Study material:

◆ ◆ ◆ ◆ ◆

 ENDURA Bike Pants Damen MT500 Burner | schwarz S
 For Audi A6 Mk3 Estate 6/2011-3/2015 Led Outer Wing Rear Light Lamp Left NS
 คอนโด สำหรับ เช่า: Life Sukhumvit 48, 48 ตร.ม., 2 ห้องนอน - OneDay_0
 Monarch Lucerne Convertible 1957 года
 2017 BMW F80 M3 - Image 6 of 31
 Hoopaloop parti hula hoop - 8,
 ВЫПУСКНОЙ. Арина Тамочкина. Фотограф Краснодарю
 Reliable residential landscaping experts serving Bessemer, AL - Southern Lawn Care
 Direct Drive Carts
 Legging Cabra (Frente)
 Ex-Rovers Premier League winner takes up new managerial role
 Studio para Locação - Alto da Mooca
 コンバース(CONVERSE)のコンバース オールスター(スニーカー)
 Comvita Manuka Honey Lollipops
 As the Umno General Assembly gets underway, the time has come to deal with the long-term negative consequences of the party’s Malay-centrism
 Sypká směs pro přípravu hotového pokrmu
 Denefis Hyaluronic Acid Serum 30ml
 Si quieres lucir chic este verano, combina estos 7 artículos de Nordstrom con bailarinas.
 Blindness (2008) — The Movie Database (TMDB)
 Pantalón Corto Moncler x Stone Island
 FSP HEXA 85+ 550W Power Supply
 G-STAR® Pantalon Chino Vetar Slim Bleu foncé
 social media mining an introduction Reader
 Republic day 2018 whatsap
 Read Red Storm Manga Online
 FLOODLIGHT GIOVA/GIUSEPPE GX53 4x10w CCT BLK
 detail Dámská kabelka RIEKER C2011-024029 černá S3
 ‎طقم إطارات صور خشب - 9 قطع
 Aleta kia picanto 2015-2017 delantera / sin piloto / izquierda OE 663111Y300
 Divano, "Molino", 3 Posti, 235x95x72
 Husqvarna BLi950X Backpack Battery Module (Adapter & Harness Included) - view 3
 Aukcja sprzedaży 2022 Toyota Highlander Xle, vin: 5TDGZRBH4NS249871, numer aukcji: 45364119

◆ ◆ ◆ ◆ ◆

What is needed:
What is needed here is an exact reproduction of all the entries.

Solution:
 ENDURA Bike Pants Damen MT500 Burner | schwarz S
 For Audi A6 Mk3 Estate 6/2011-3/2015 Led Outer Wing Rear Light Lamp Left NS
 คอนโด สำหรับ เช่า: Life Sukhumvit 48, 48 ตร.ม., 2 ห้องนอน - OneDay_0
 Monarch Lucerne Convertible 1957 года
 2017 BMW F80 M3 - Image 6 of 31
 Hoopaloop parti hula hoop - 8,
 ВЫПУСКНОЙ. Арина Тамочкина. Фотограф Краснодарю
 Reliable residential landscaping experts serving Bessemer, AL - Southern Lawn Care
 Direct Drive Carts
 Legging Cabra (Frente)
 Ex-Rovers Premier League winner takes up new managerial role
 Studio para Locação - Alto da Mooca
 コンバース(CONVERSE)のコンバース オールスター(スニーカー)
 Comvita Manuka Honey Lollipops
 As the Umno General Assembly gets underway, the time has come to deal with the long-term negative consequences of the party’s Malay-centrism
 Sypká směs pro přípravu hotového pokrmu
 Denefis Hyaluronic Acid Serum 30ml
 Si quieres lucir chic este verano, combina estos 7 artículos de Nordstrom con bailarinas.
 Blindness (2008) — The Movie Database (TMDB)
 Pantalón Corto Moncler x Stone Island
 FSP HEXA 85+ 550W Power Supply
 G-STAR® Pantalon Chino Vetar Slim Bleu foncé
 social media mining an introduction Reader
 Republic day 2018 whatsap
 Read Red Storm Manga Online
 FLOODLIGHT GIOVA/GIUSEPPE GX53 4x10w CCT BLK
 detail Dámská kabelka RIEKER C2011-024029 černá S3
 ‎طقم إطارات صور خشب - 9 قطع
 Aleta kia picanto 2015-2017 delantera / sin piloto / izquierda OE 663111Y300
 Divano, "Molino", 3 Posti, 235x95x72
 Husqvarna BLi950X Backpack Battery Module (Adapter & Harness Included) - view 3
 Aukcja sprzedaży 2022 Toyota Highlander Xle, vin: 5TDGZRBH4NS249871, numer aukcji: 45364119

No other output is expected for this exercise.